Наташа вышла из-за стола и стала прощаться.
- Вот видишь, Тоша, ты своими догмами людей распугиваешь, - сказала тетя Тоня, - Посиди еще, Наточка.
- Мне пора, сказала Наташа.
Поднялся и Саша.
Саша сейчас мог завидовать, наверное каждому встречному. Все нарядные. У всех определенность. Всех ждут праздничные столы. А что ждет Сашу? Все та же опостылевшая общага. А если взять да приехать туда с Наташей?
Саша ожидал, что Наташа категорически отклонит его предложение. Но она сказала:
- Я бы поехала, если бы ты мне раньше сказал. А так мы уже с девочками договорились. Ты не обижайся. Давай, приезжай завтра часам к четырем. Я буду ждать.
ГЛАВА 6
Единица - ноль. Поэтому личные дни рождения ноль по сравнению с днем рождения страны. Для личного дня рождения с полок снимаются припасы и закатки. Для собственного дня рождения страна метет по сусекам и выбрасывает на полки магазинов свои запасы. Они мгновенно сметаются с полок. И яркая палитра расцвечивает праздничный стол. Тут коричнево-перламутровая сайра, шпроты, печень трески цвета кофе с молоком, красная килька в томате, крабы, резаная кусочками вареная колбаса, квашеная капуста, тонкие ломтики сала, красные маринованные помидоры, карнавальных цветов венгерское лечо.
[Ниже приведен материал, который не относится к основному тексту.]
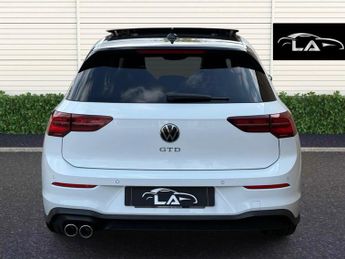 Volkswagen Golf 2.0 TDI GTD DSG Euro 6 (s/s) 5dr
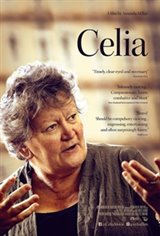 Celia Large Poster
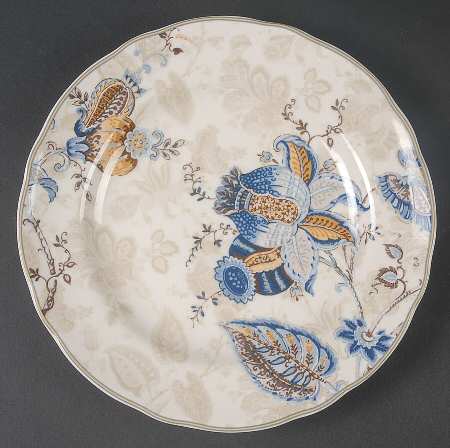 Arielle Salad Plate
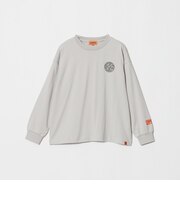 【別注】<UNIVERSAL OVERALL>グラフィック ロングスリーブ Tシャツ / キッズ 140cm-160cm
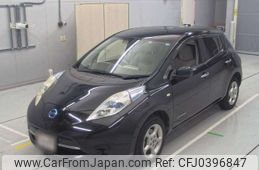 nissan leaf 2011 -NISSAN--Leaf ZE0-008441---NISSAN--Leaf ZE0-008441-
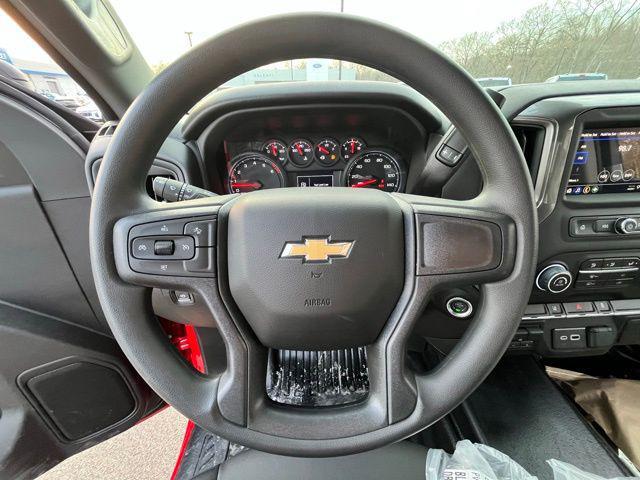 new 2025 Chevrolet Silverado 2500 car, priced at $48,414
Отдельной тарелки удостоились соленые огурчики, на любой каприз: резаные вдоль, резаные поперек и целые. Все они ждут неизменную королеву стола – румяную, сияющую как осенние листья, жареную картошку. Она приплывает в большой черной чугунной сковороде, сладчайшими ароматами вызывая повышенное слюноотделение. По случаю большого праздника картошка оттенена кусочками дефицитной баночной тушенки. Бутылки с винами вытянулись, как офицеры в строю. Есть даже с медалями.
В этот раз гуляли в комнате Таньки Бирюковой и Оли Подзоровой. Они живут вдвоем, потому что Петрова из их комнаты вышла за москвича, переехала к нему, но пока не перепрописалась.
И снова Барашкин, как Иван-царевич, побрел искать счастья и нашел зубодробительный ответ. И, как заведено, Барашкина отвели к Саше. Простонали пружины Вовкиной кровати. Барашкин попытался добавить к этому стону что-то о суете сует, но выдал пару нечетких фраз, быстро перешедших в посапывание, а затем и в похрапывание.
Что снилось Барашкину? У него было много причин для тревожных снов. Развод родителей Сашки Барашкина совпал с кризисом переходного возраста. У Робертино Лоретти в эти годы ломался голос, и он перестал быть всеми любимым и уникальным мальчиком. А Саша Барашкин из любимого сына, из сына уважаемого товарища скатился в сыновья простой женщины-одиночки. У мальчика вдобавок к тому, что голос ломался, ломалась вера в святое.
Барашкин – отец ушел, взяв с собой только чемоданы. Некоторое время он квартировал с новой семьей на съемной квартире. А потом умудрился выцарапать трешку, на себя новую жену и новорожденного ребеночка. И мама Барашкина язвила, что бывший муж не удосужился приобрести такую за все годы жизни с ней. И все же она желала бывшему супругу только одного: служебного роста. Ради алиментов.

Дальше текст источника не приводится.